Dielectric barriers under lightning impulse stress: Breakdown and discharge-dielectric interaction in short non-uniform air gaps

Abstract

Dielectric-air insulation systems can reduce the carbon footprint of medium voltage switchgear, as they can replace SF6-insulated systems. Such replacement is, however, not easy, as the devices are typically compact and complex, with strongly inhomogeneous electric fields. Withstand voltages are typically estimated with empirical models for discharge formation and propagation. Any dielectric surface can change the conditions for such evaluations, especially as the surfaces accumulate charge. The aim of this work was to study the influence of dielectric surfaces on breakdown in non-uniform atmospheric air gaps. Short (≤ 120 mm) rod-plane gaps with a polycarbonate barrier were used throughout. The development of pre-breakdown and breakdown processes were clarified with high-speed imaging, photomultipliers and fast current measurements. It was shown that breakdown around the 50% level is governed by leader-like discharges rather than streamers. Surface potential measurements demonstrated that streamers charge dielectric barriers in a way that is predictable with variations of saturation charge boundary conditions (zero or constant normal electric field at the air side of the interface). Such predictions allow utilization of beneficial surface charging effects in switchgear design. Moreover, it was shown that drift-diffusion models can be used to simulate important discharge behaviour in dielectric-air insulation systems. Such models are computationally heavy, but can become useful for dielectric design of high voltage components as computer capabilities are improving. It was shown that 2D planar streamers charge dielectric surfaces to saturation within tens of ns.

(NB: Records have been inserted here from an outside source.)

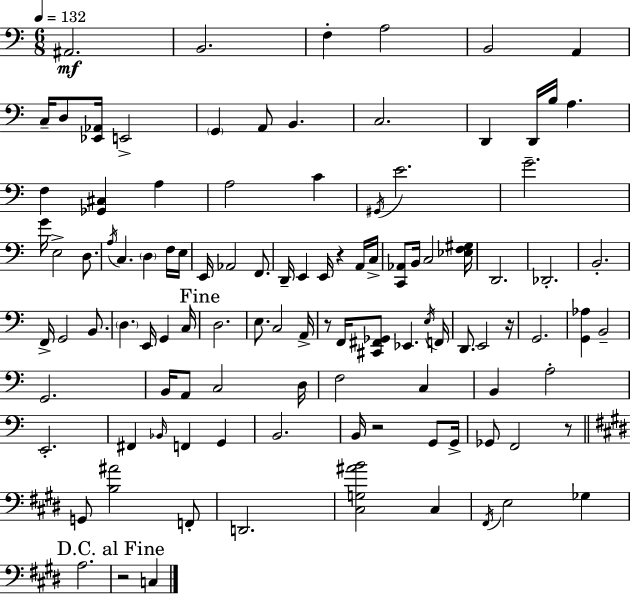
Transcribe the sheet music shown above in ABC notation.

X:1
T:Untitled
M:6/8
L:1/4
K:Am
^A,,2 B,,2 F, A,2 B,,2 A,, C,/4 D,/2 [_E,,_A,,]/4 E,,2 G,, A,,/2 B,, C,2 D,, D,,/4 B,/4 A, F, [_G,,^C,] A, A,2 C ^G,,/4 E2 G2 G/4 E,2 D,/2 A,/4 C, D, F,/4 E,/4 E,,/4 _A,,2 F,,/2 D,,/4 E,, E,,/4 z A,,/4 C,/4 [C,,_A,,]/2 B,,/4 C,2 [_E,F,^G,]/4 D,,2 _D,,2 B,,2 F,,/4 G,,2 B,,/2 D, E,,/4 G,, C,/4 D,2 E,/2 C,2 A,,/4 z/2 F,,/4 [^C,,^F,,_G,,]/2 _E,, E,/4 F,,/4 D,,/2 E,,2 z/4 G,,2 [G,,_A,] B,,2 G,,2 B,,/4 A,,/2 C,2 D,/4 F,2 C, B,, A,2 E,,2 ^F,, _B,,/4 F,, G,, B,,2 B,,/4 z2 G,,/2 G,,/4 _G,,/2 F,,2 z/2 G,,/2 [B,^A]2 F,,/2 D,,2 [^C,G,^AB]2 ^C, ^F,,/4 E,2 _G, A,2 z2 C,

The streamer-exposed surface is charged mainly by drifting ions from the streamer channel, but also by electron emission processes from the dielectric surface. The thesis is presented as a collection of seven peer-reviewed articles published in journals and conference proceedings, together with an overview document. The results presented in this thesis contribute to a better understanding on how dielectric barriers influence electrical breakdown in air.